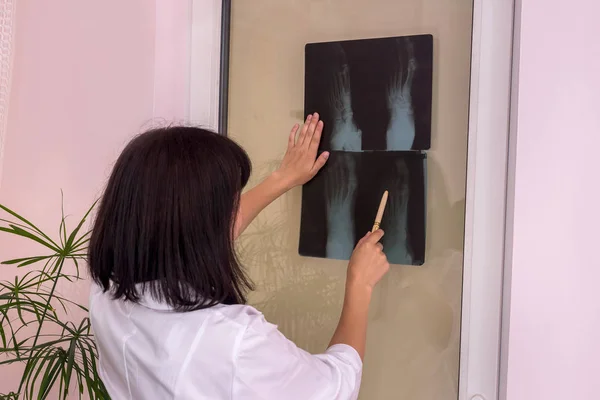 Doctor Apuntando Radiografía Del Pie Del Paciente —  Fotos de Stock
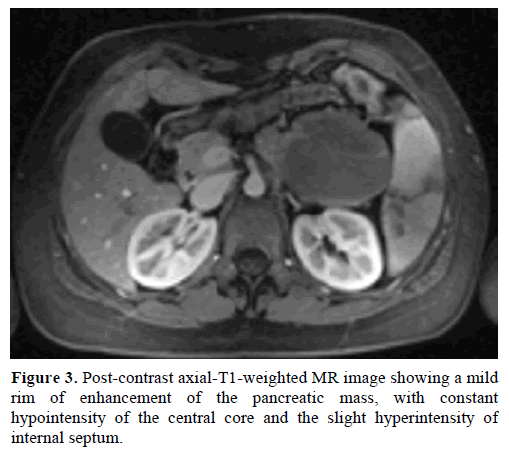 pancreas-post-contrast-axial-t1-weighted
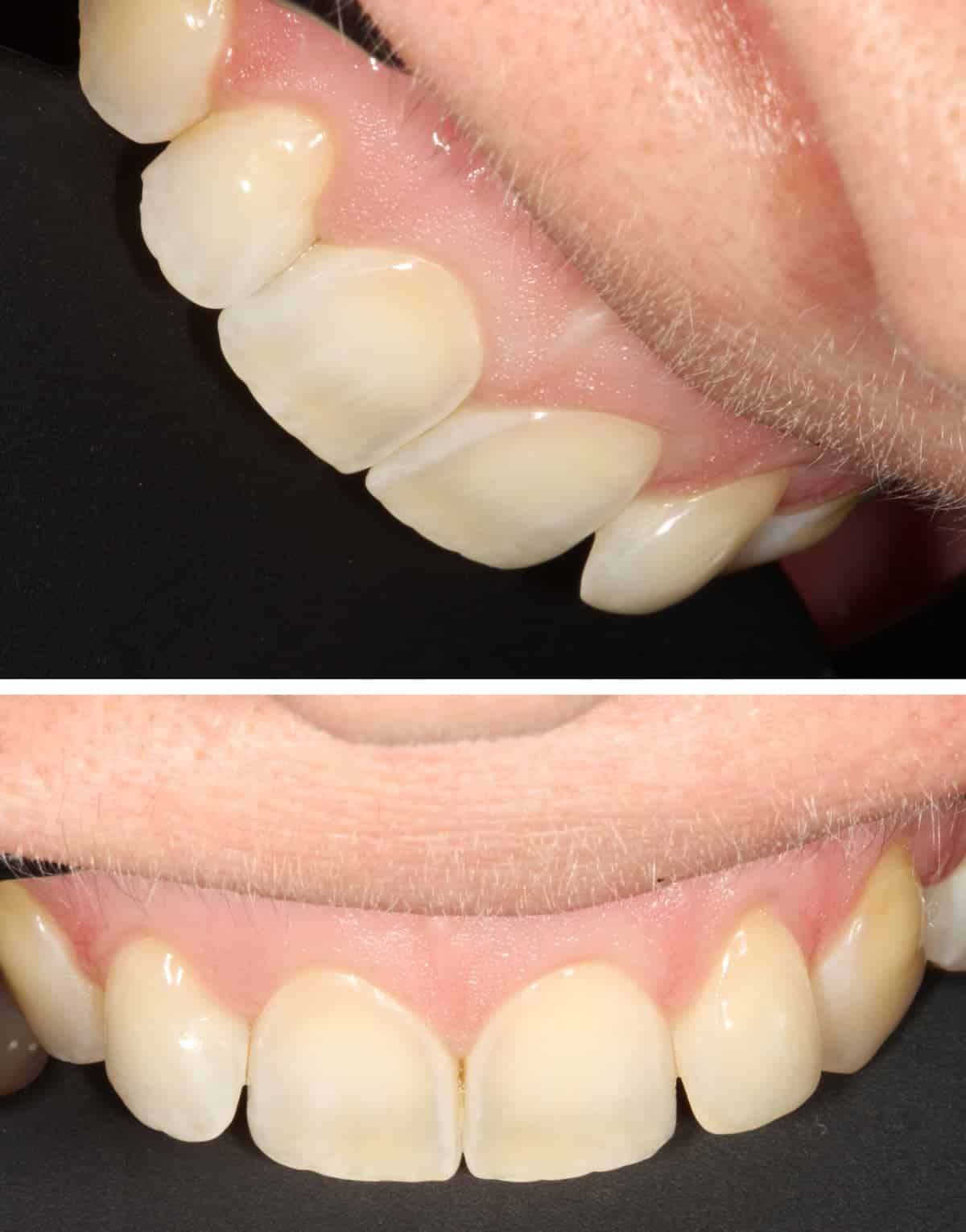 Nahaufnahme stark abgenutzter, verkürzter Frontzähne mit sichtbar abgeriebenem Zahnschmelz – typisches Schadbild durch abrasive Whitening-Produkte.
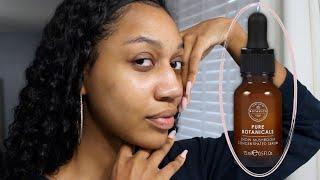 Pure Botanicals Snow Mushroom Serum | Dry Skin Winter 2021 |  Skin Update | LoveMsLiz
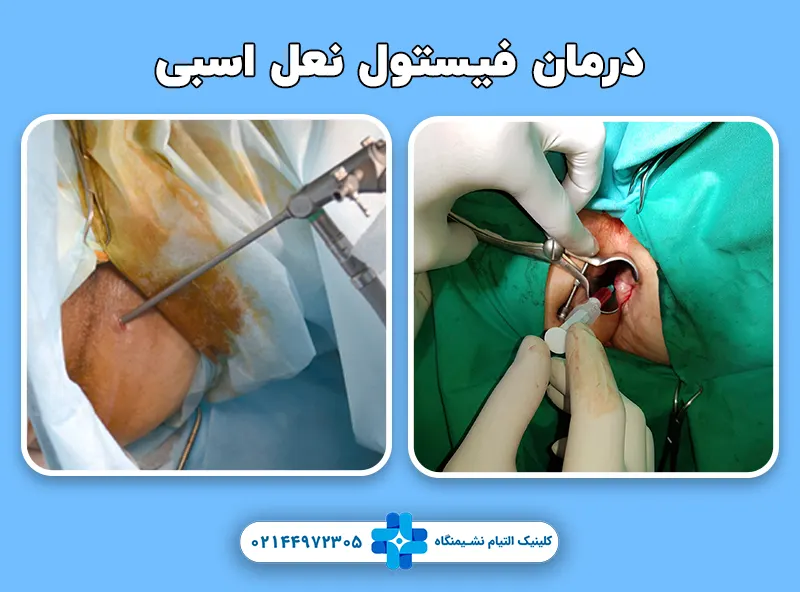 درمان فیستول نعل اسبی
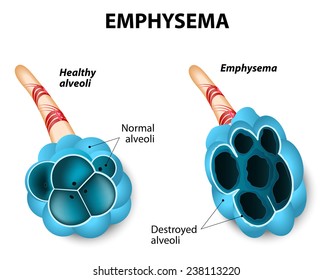 Emphysema. Damage To The Air Sacs In Lungs. Chronic Obstructive Pulmonary Disease. 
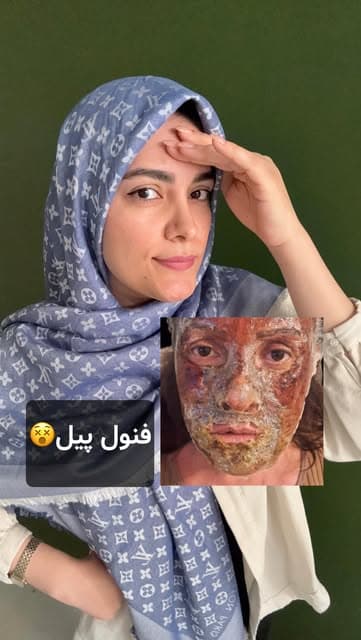 Instagram post by @yaramohamadii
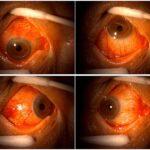 20,000% Increase in Retinal Eye Damage Following COVID-19 Vaccination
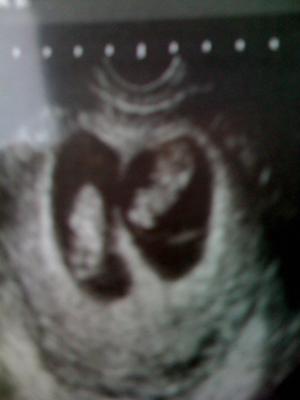 8 Weeks! di/di boy/girl twins ultrasound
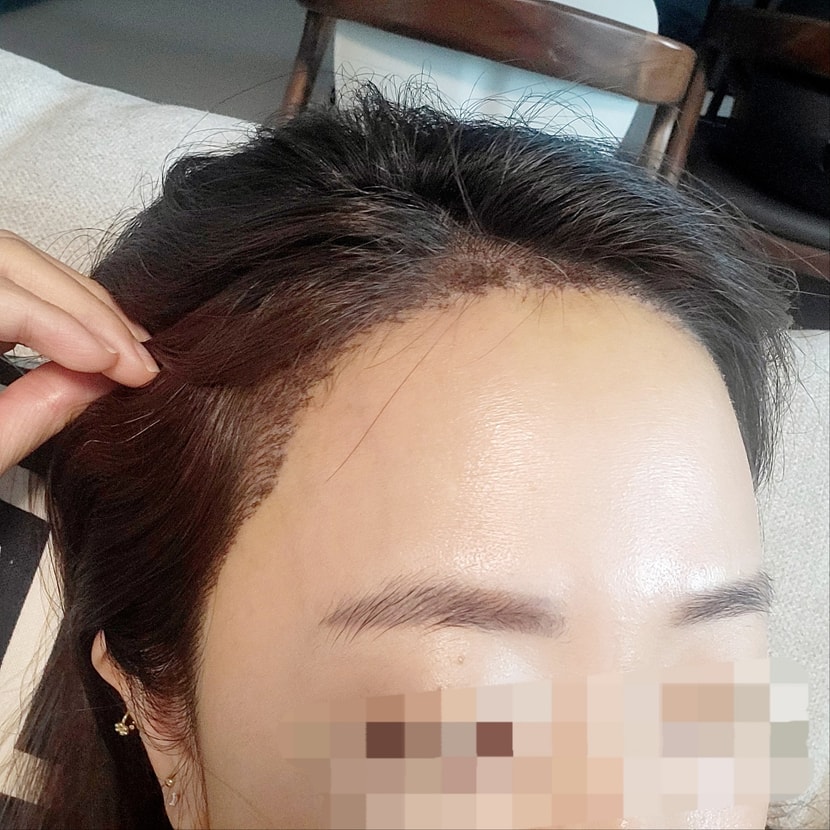 수술 후 1 주일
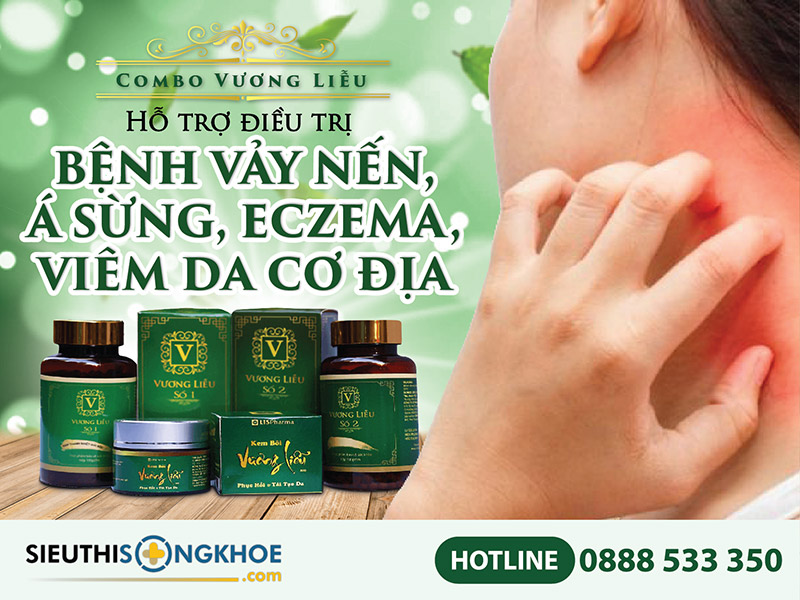 sản phẩm vương liễu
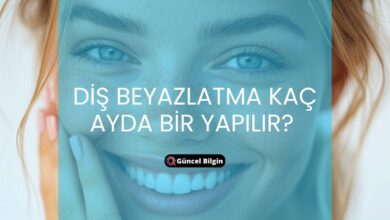 Photo of Diş Beyazlatma Kaç Ayda Bir Yapılır?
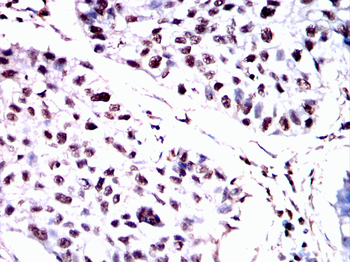 HSPB8 Antibody
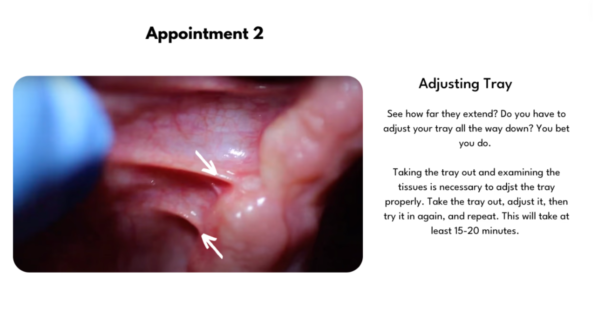 The Overdenture Cookbook - Image 7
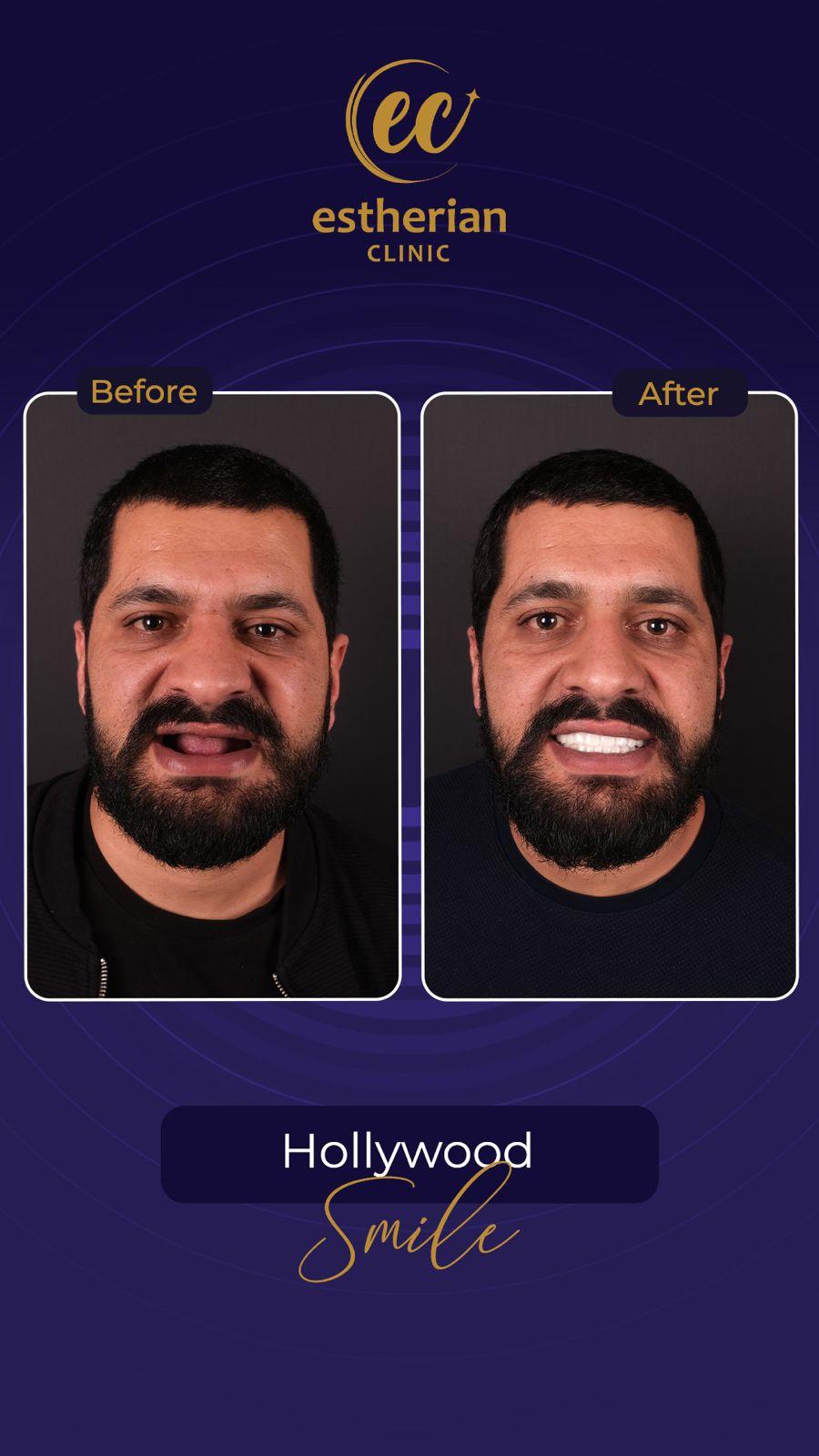 Estherian Istanbul on Esthetic Planet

◆ Task item: The entries above need to be repeated in full, word for word. Skip the images.

◆ Response:
 Doctor Apuntando Radiografía Del Pie Del Paciente —  Fotos de Stock
 pancreas-post-contrast-axial-t1-weighted
 Nahaufnahme stark abgenutzter, verkürzter Frontzähne mit sichtbar abgeriebenem Zahnschmelz – typisches Schadbild durch abrasive Whitening-Produkte.
 Pure Botanicals Snow Mushroom Serum | Dry Skin Winter 2021 |  Skin Update | LoveMsLiz
 درمان فیستول نعل اسبی
 Emphysema. Damage To The Air Sacs In Lungs. Chronic Obstructive Pulmonary Disease. 
 Instagram post by @yaramohamadii
 20,000% Increase in Retinal Eye Damage Following COVID-19 Vaccination
 8 Weeks! di/di boy/girl twins ultrasound
 수술 후 1 주일
 sản phẩm vương liễu
 Photo of Diş Beyazlatma Kaç Ayda Bir Yapılır?
 HSPB8 Antibody
 The Overdenture Cookbook - Image 7
 Estherian Istanbul on Esthetic Planet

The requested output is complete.